Consider the relative positions of each of the following pairs of lines

a) $${d_1}:3x + 2y–5 = 0$$ and $${d_2}:x – 4y + 1 = 0$$ ;

b) $${d_3}:x – 2y + 3 = 0$$ and $${d_4}: – {\rm{ }}2x + 4y + 10 = 0$$ ;

c) $${d_5}:4x + 2y – 3 = 0$$ and $${d_6}:\left\{ \begin{array}{l}x = – \frac{1}{2} + t\ \y = \frac{5}{2} – 2t\end{array} \right.$$

Solution method

Solving the system of intersection equations:

System of equations with solutions $$\Rightarrow$$ intersecting each other

Parallel system of equations with no solutions $$\Rightarrow$$

System of equations with an infinite number of solutions $$\Rightarrow$$ coincide

Solution guide

a) The coordinates of the intersection of two lines $${d_1},{d_2}$$ is the solution of the system of equations:

$$\left\{ \begin{array}{l}3x + 2y – 5 = 0\\x – 4y + 1 = 0\end{array} \right.\Leftrightarrow \left\{ \begin{array}{ l}x = \frac{9}{7}\\y = \frac{4}{7}\end{array} \right.$$

The system of equations has only one solution, so the two lines intersect.

b) The coordinates of the intersection of two lines $${d_3},{d_4}$$ is the solution of the system of equations:

$$\left\{ \begin{array}{l}x – 2y + 3 = 0\\ – 2x + 4y + 10 = 0\end{array} \right.$$ .

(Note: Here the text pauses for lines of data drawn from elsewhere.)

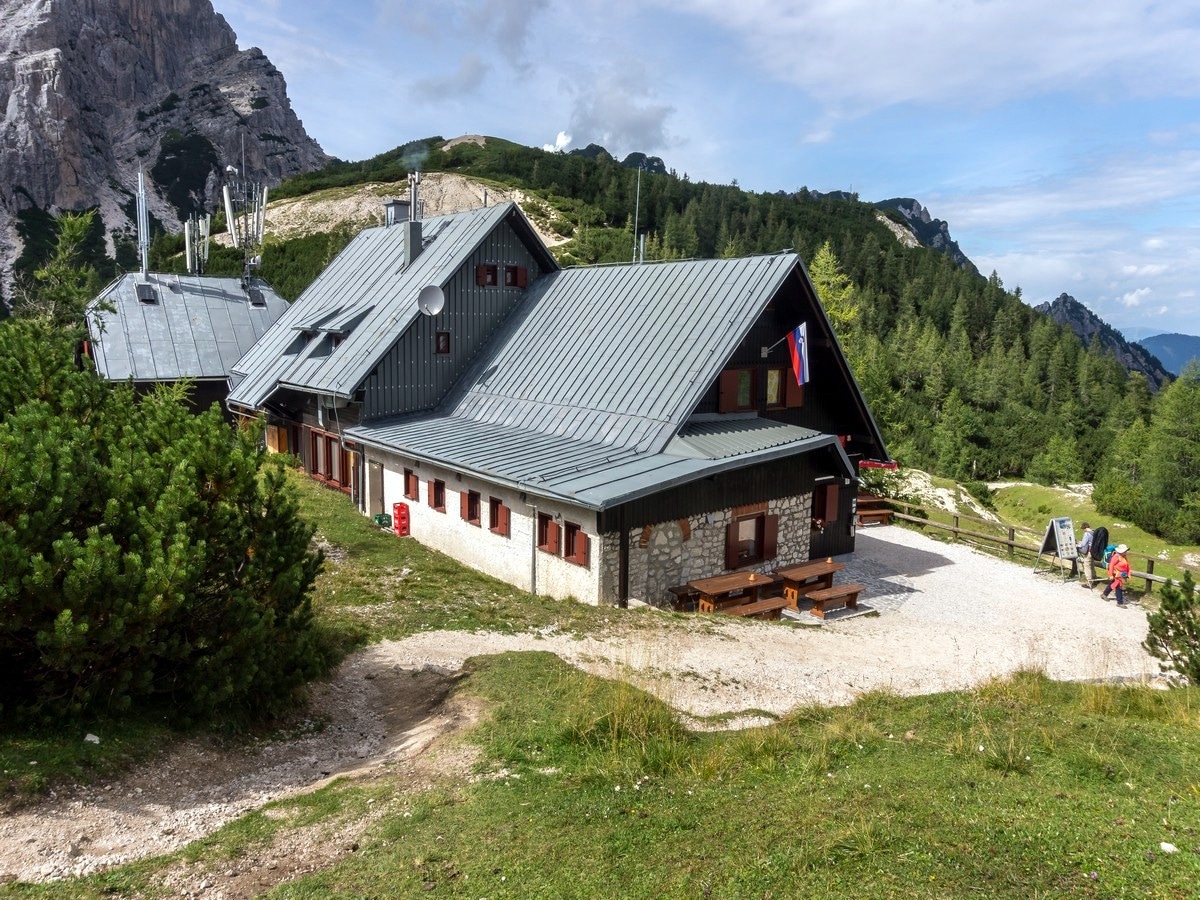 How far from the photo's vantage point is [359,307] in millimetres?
27266

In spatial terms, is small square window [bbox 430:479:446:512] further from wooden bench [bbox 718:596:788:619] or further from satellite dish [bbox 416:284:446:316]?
wooden bench [bbox 718:596:788:619]

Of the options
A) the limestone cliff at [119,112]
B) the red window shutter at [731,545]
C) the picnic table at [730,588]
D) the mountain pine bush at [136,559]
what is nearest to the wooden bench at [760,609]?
the picnic table at [730,588]

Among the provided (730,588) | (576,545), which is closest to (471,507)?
(576,545)

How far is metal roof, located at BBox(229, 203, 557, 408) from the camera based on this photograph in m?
24.5

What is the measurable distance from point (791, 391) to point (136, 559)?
17876 mm

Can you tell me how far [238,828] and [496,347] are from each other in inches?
755

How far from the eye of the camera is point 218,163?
555 feet

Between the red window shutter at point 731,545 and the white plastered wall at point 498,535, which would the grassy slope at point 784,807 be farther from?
the red window shutter at point 731,545

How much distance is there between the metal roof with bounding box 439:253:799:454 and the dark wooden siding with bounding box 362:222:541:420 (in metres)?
0.53

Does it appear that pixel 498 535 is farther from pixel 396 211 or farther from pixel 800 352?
pixel 396 211

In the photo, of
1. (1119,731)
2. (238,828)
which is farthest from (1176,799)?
(238,828)

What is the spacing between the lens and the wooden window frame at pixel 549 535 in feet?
57.5

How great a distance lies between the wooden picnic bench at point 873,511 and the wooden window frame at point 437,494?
14.8 meters

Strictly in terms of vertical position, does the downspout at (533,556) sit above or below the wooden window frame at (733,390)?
below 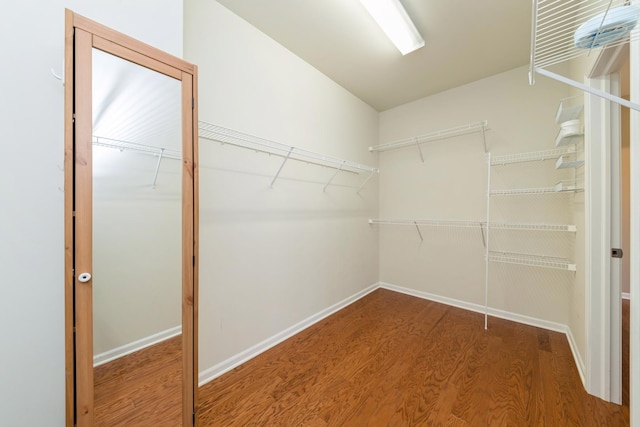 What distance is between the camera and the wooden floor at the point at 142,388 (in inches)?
42.4

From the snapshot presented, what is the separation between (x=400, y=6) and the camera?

The system of equations has no solution. So 2 lines are parallel to each other

c) The coordinates of the intersection of two lines $${d_5},{d_6}$$ corresponding to t satisfy the equation:

$$4\left( { – \frac{1}{2} + t} \right) + 2\left( {\frac{5}{2} – 2t} \right) – 3 = 0 \Leftrightarrow 0t = 0$$ .

This equation has a solution for all t. Hence $${d_5} \equiv {d_6}$$.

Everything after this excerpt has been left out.